Poussant leur observation dans le détail, les experts du Citepa se sont livré à une analyse sectorielle. Les émissions agricoles et sylvicoles, supposées diminuer de 5 % entre 2013 et 2017, sont quasiment constantes, en raison notamment de l’augmentation de l’utilisation des intrants (engrais azotés en hausse de 0,8 % en 2016) et de la hausse du cheptel bovin.

Les émissions émanant des transports ont elles aussi augmenté (+ 1,5 % en quatre ans), compte tenu de la densification du trafic routier dopé par un pétrole à bas prix. Indépendamment de ces facteurs conjoncturels, ce secteur est marqué par une « très forte inertie », estiment les experts du Citepa. Ils citent en exemple la flotte des voitures individuelles diesel, qui diminue de 70 000 véhicules par an, mais sans effet significatif à l’intérieur d’un parc de près de 21 millions de véhicules particuliers en France.

Le plan climat devra inverser aussi la tendance dans la production d’énergie, où les émissions ont grimpé continuellement de 2014 à 2017, du fait des conditions climatiques et d’arrêts imprévus dans le parc nucléaire, compensés par un plus grand recours aux centrales à charbon.
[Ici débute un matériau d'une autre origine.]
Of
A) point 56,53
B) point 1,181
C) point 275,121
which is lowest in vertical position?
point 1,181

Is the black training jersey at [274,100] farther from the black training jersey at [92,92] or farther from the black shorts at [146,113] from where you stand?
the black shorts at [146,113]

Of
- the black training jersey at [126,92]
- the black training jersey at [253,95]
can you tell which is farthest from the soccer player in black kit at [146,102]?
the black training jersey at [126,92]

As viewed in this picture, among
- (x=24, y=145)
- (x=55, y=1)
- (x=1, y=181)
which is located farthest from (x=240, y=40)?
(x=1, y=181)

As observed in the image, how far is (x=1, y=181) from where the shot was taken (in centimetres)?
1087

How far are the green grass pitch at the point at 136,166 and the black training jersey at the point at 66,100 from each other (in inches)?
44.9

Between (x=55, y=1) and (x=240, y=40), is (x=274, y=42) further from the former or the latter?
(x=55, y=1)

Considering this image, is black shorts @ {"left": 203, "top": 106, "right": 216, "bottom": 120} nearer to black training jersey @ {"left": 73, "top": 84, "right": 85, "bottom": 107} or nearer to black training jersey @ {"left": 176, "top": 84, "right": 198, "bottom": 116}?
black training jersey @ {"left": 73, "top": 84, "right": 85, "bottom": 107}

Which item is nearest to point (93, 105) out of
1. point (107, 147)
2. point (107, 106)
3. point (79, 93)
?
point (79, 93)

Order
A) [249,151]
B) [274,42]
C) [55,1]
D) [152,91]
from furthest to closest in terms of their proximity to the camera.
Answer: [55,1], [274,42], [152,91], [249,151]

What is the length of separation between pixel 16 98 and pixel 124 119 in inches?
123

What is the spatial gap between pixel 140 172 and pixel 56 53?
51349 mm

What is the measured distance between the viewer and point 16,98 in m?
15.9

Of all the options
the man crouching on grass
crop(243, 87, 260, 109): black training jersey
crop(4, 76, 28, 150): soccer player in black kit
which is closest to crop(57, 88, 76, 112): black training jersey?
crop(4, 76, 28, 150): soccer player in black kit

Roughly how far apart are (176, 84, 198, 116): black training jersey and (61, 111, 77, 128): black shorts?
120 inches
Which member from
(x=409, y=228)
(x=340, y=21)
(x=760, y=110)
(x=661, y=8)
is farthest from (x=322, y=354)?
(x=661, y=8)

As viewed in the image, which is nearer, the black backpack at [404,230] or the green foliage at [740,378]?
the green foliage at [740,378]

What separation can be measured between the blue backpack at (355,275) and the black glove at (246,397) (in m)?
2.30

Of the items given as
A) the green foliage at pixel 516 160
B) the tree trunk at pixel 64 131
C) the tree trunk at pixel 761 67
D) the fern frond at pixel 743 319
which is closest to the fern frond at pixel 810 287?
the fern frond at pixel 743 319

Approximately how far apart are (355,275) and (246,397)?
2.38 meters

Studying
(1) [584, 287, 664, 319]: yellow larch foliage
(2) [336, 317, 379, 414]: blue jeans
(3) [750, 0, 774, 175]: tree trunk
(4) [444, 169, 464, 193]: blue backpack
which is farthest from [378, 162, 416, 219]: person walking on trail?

Le charbon, qui ne contribue qu’à hauteur de 2 % du mix électrique français, représente encore 25 % du total des émissions du secteur.

« Gages de crédibilité »

« Notre économie se désintoxique peu à peu des énergies fossiles », veut tout de même croire Nicolas Hulot, dont le plan climat programme la fermeture des quatre dernières centrales à charbon d’ici à 2022. Au rayon des bonnes nouvelles, le ministre de la transition écologique et solidaire a mentionné également le « véritable succès » de la prime à la conversion de véhicules anciens pour des modèles neufs et peu polluants (prime de 2 000 euros pour les ménages non imposables, de 1 000 euros pour les autres). Quelque 75 000 propriétaires ont déjà bénéficié de ce dispositif, qui cible un objectif de 500 000 voitures durant le quinquennat.

La généralisation du chèque énergie (revalorisé de 150 à 200 euros en 2019) devrait aider 4 millions de ménages en situation de précarité énergétique, retient encore le ministre. Il s’agit de l’une des douze mesures prioritaires de cette première année de déploiement de son plan climat.

Les ONG lui opposent « douze gages de crédibilité », pour donner plus de place à la lutte contre le réchauffement climatique dans l’action gouvernementale. Ils suggèrent ainsi la création d’un fonds vélo doté de 200 millions d’euros, la division au moins par deux des émissions du secteur agricole à l’horizon 2050 ou le renoncement aux grands projets destructeurs de forêts, dont le complexe minier de la Montagne d’or en Guyane.

Après une année de plan de lutte pour limiter les gaz à effet de serre, « on est encore loin du compte, estime Morgane Créach, la directrice du Réseau action climat. L’ambition sur le climat s’arrête là où commence l’intérêt de quelques acteurs, notamment dans le secteur de l’énergie ».